Being social media savvy is now second nature to PR and is something that personally fascinates me. Similarly, our journo cousins have embraced this new medium – as enthusiastically as us – many setting up their own blogs, groups and micro-sites.
What’s less clear is how journalism uses social media to source articles and research stories. In this age of instant digital information, is the press release still the best way to grab a journos’ attention or should we dazzle them with blogs, forums and vodcasts? Even more worryingly, is PR still important to modern journalism?
A recent survey by Cision and the University of Sunderland, aimed to find out.
For all PRs holding your breath, fear not! The survey showed journalists still view traditional sources like press releases and direct contact with PRs as paramount.

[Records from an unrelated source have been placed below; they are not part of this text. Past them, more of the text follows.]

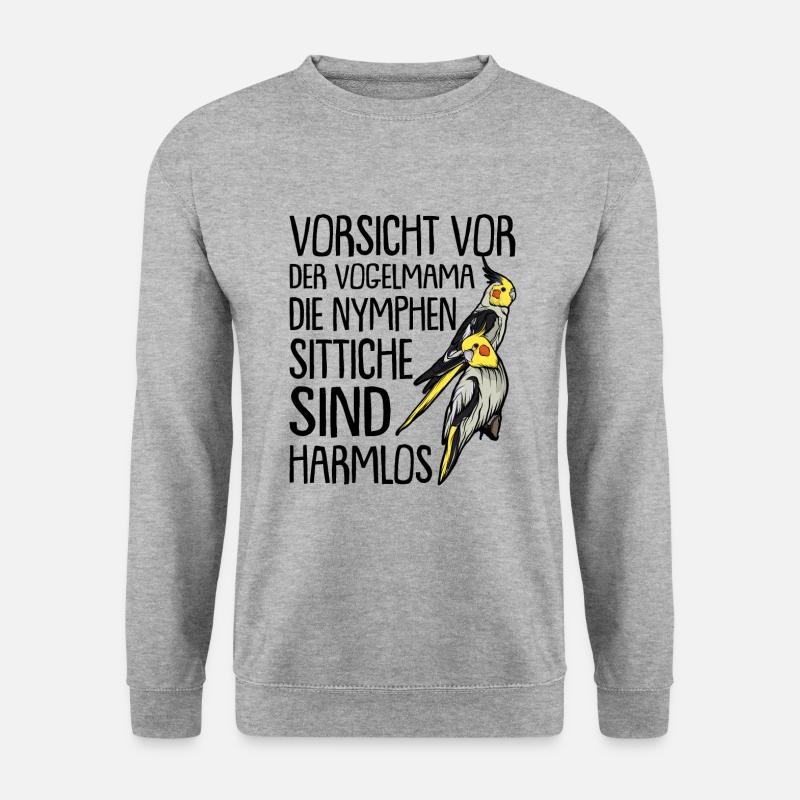 Nymphensittich - Unisex Pullover - Weißgrau meliert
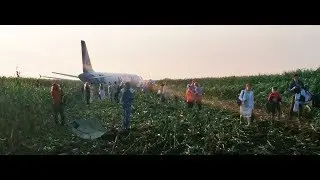 Самолет A321 сел в поле. Видео с места происшествия.
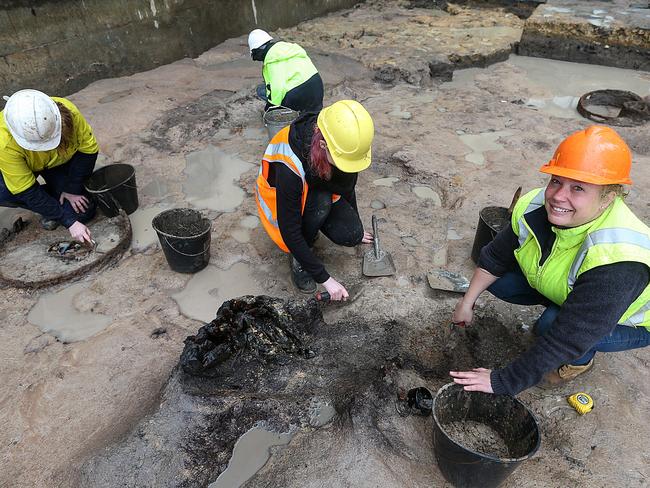 Archaeologist Liz Hawksley with volunteers at the site. Picture: Ian Currie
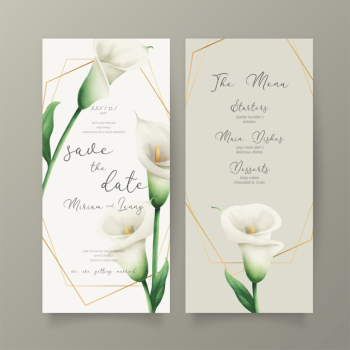 Wedding invitation and menu template with white lilies Free Vector Wedding invitation and menu template with white lilies Free Vector
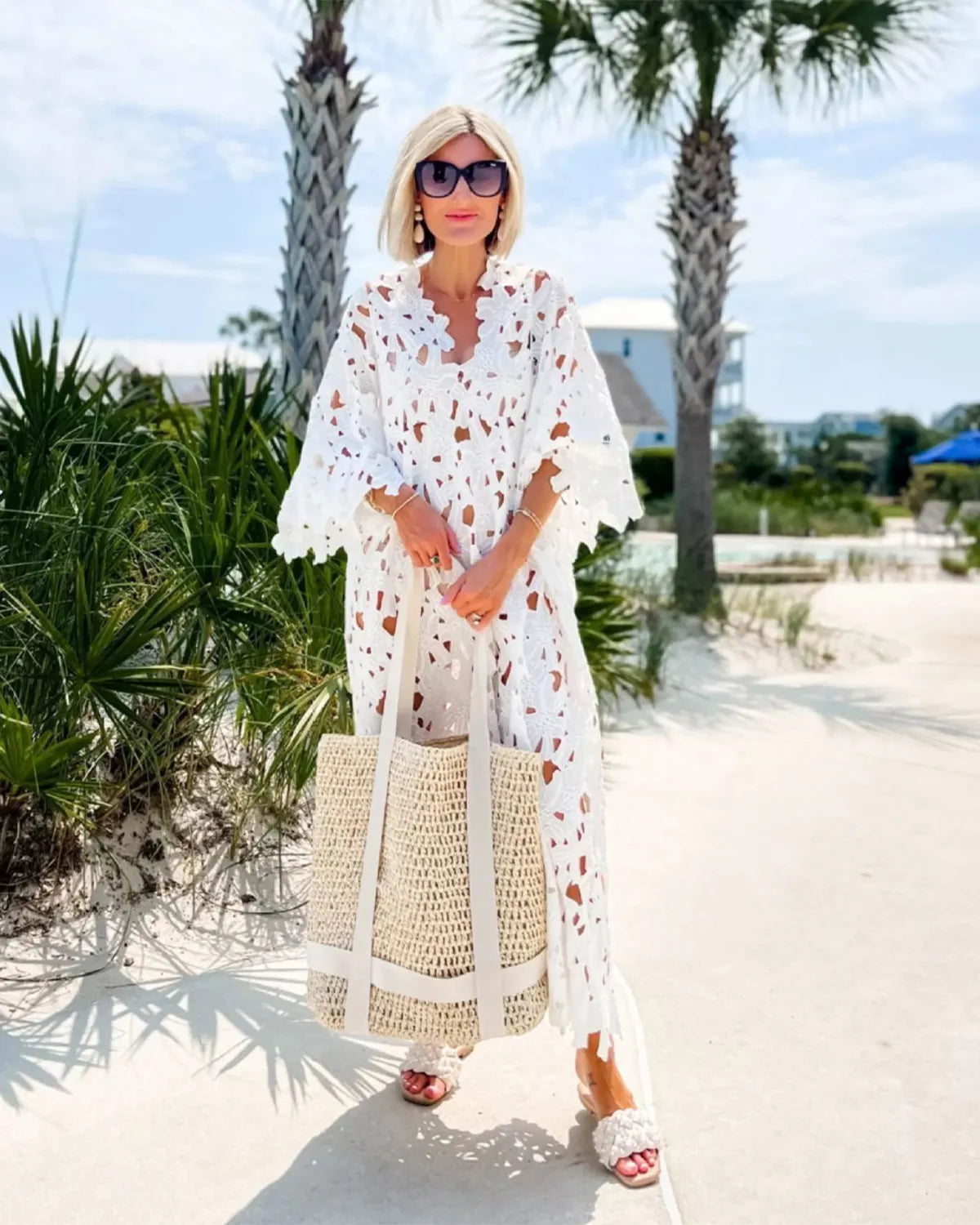 Bohemian Cutout Lace Maxi Dress
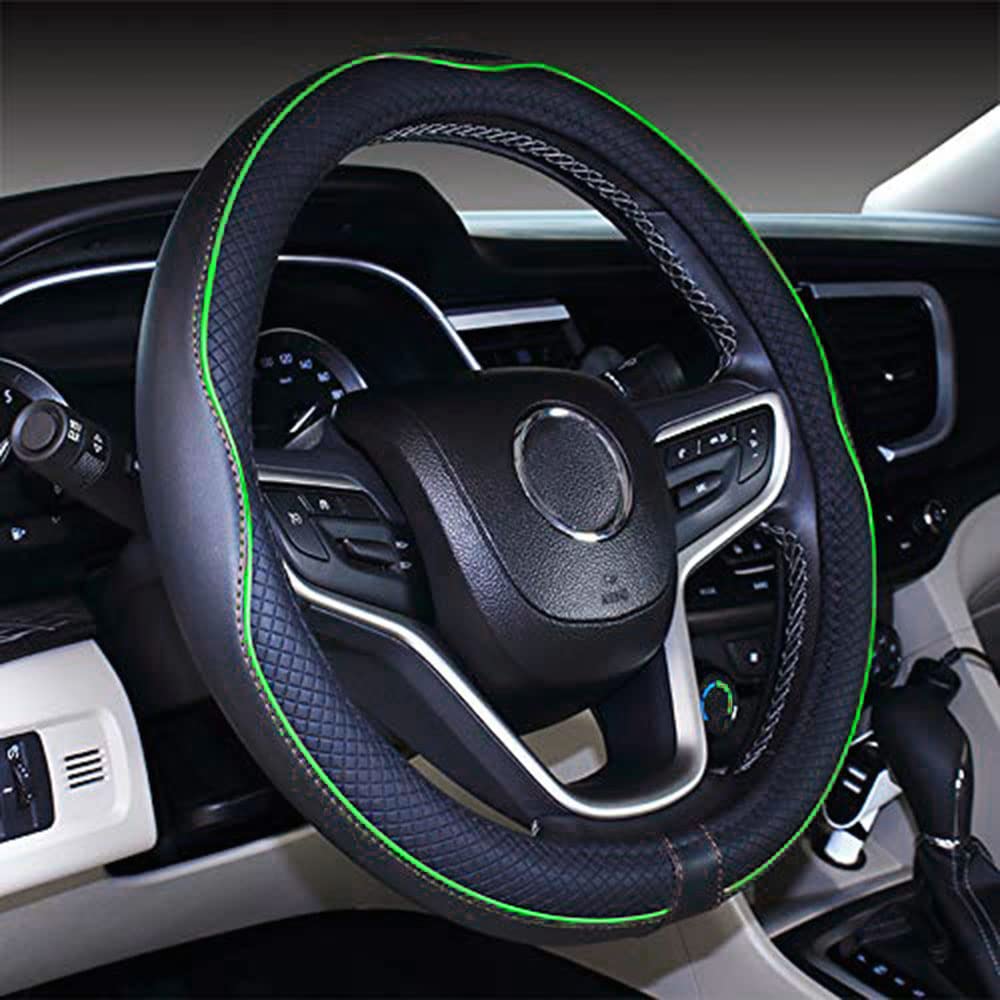 Mayco Bell Universal Standard Size Steering Wheel Cover Anti-Slip,Safety,Soft,Breathable,Durable,Full Surround,Comfortable Grip Microfiber Leather (14.5-15 inch,Black Blue)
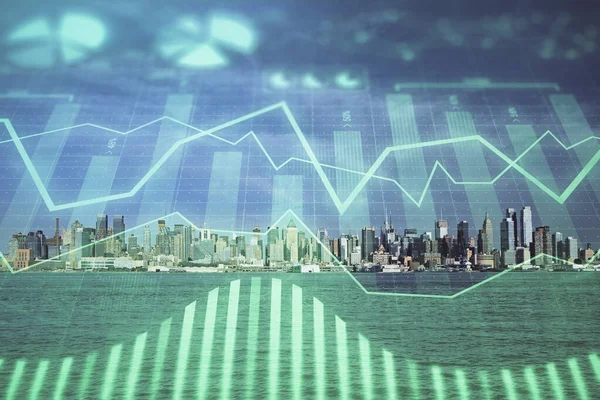 Forex graph on city view with skyscrapers background double exposure. Financial analysis concept. — Stock Photo, Image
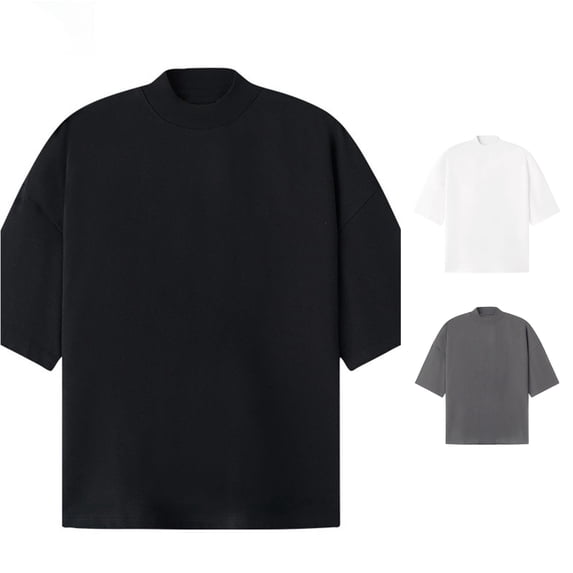 Zylarhe Mens Tshirt, Men Half High Neck T Shirt Short Sleeve Heavyweight Loose Falling Shoulder Minimalist Solid Color Fine Black XL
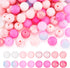 80Pcs 15mm Colorful Round Silicone Beads Pink Series Silicone Focal Beads Keychain Lanyards Beaded Pen Spacer Beads 8 Colors for DIY Jewelry Craft...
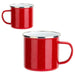Closeup product image of two red enamel camp mugs with handles, silver rims and white inside mug color.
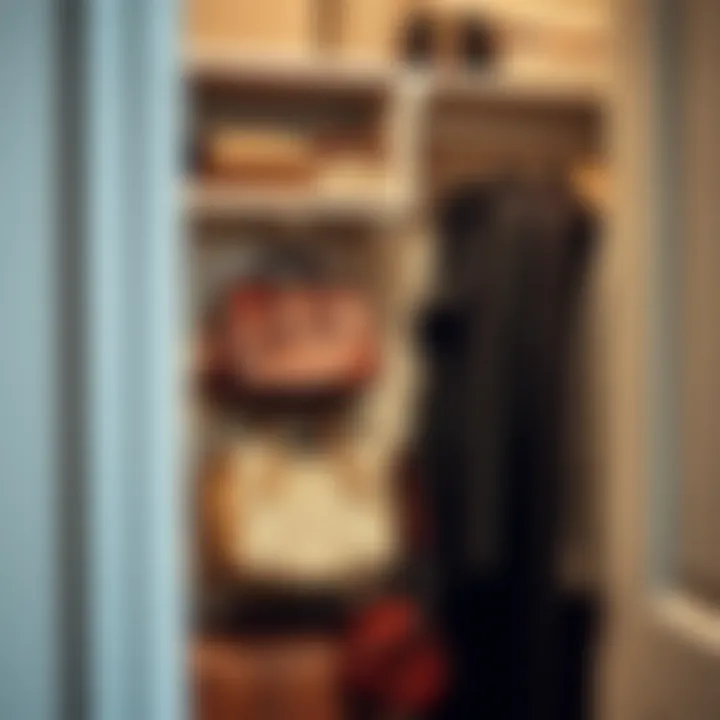 Organized closet featuring purse hooks in use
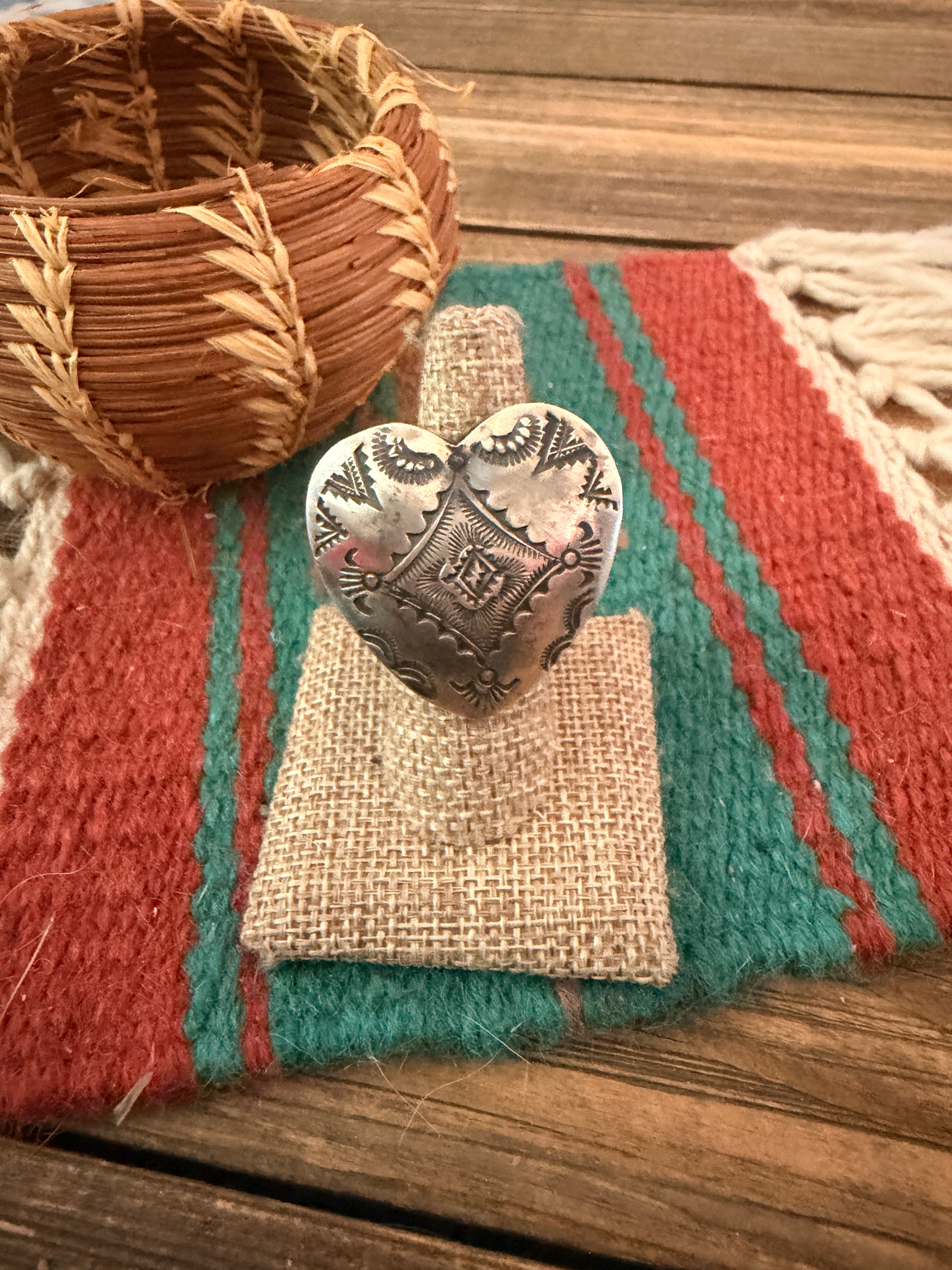 Handcrafted Sterling Silver Adjustable Heart Concho Ring by Vincent Platero
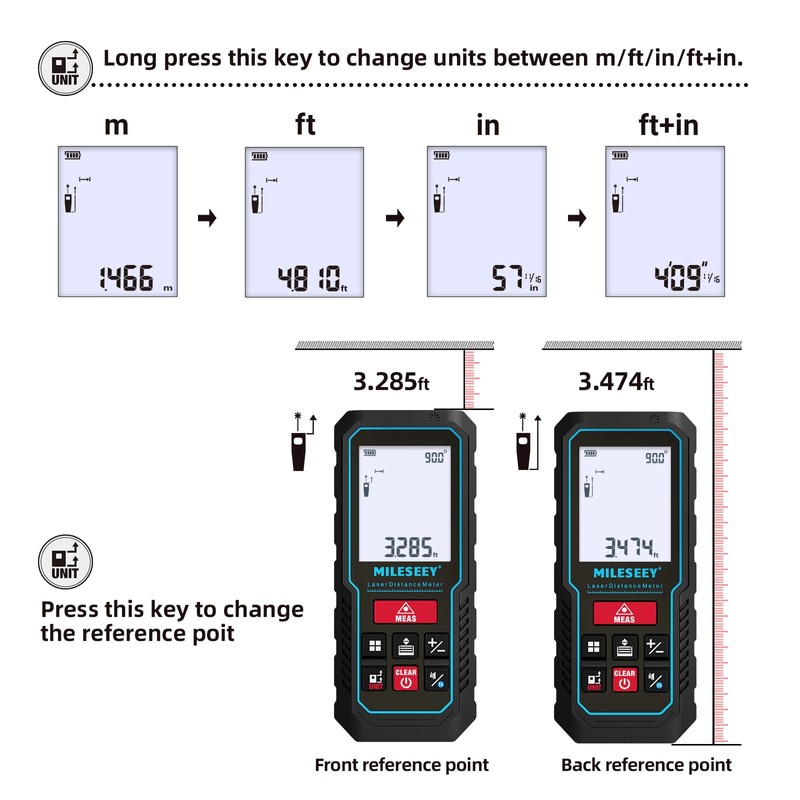 70 m Laser Rangefinder with Phone App, MiLESEEY Laser Meter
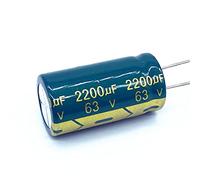12pcs High Frequency Low Impedance 63V 2200UF Aluminum Electrolytic Capacitor Size18*35mm 2200UF 63V Control circuit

Although journalists’ use of social media and search engines over the past three years has increased, traditional channels are not being negated but are used in conjunction with social media.
In fact, only a small minority of respondents reported using traditional channels either more or less than they did three years ago.
The survey revealed networking sites such as LinkedIn and Facebook were the single most important social technology for journalism by approximately 30 per cent of UK respondents, with Twitter not far behind.
More surprisingly, Wikipedia was the most used online tool for journalists –with over 60% using the site to check and source stories at least once a week, compared to 22% for blogs, or 34% for news wire services.
However, story ideas, concepts and angles were still drummed up via traditional sources, such as direct PR contact and via corporate sites.
Overall it seems journos are not at all behind the times when it comes to social media – they have welcomed it with both hands. Thankfully it seems that PR is firmly in this three way embrace and PR is still in the middle.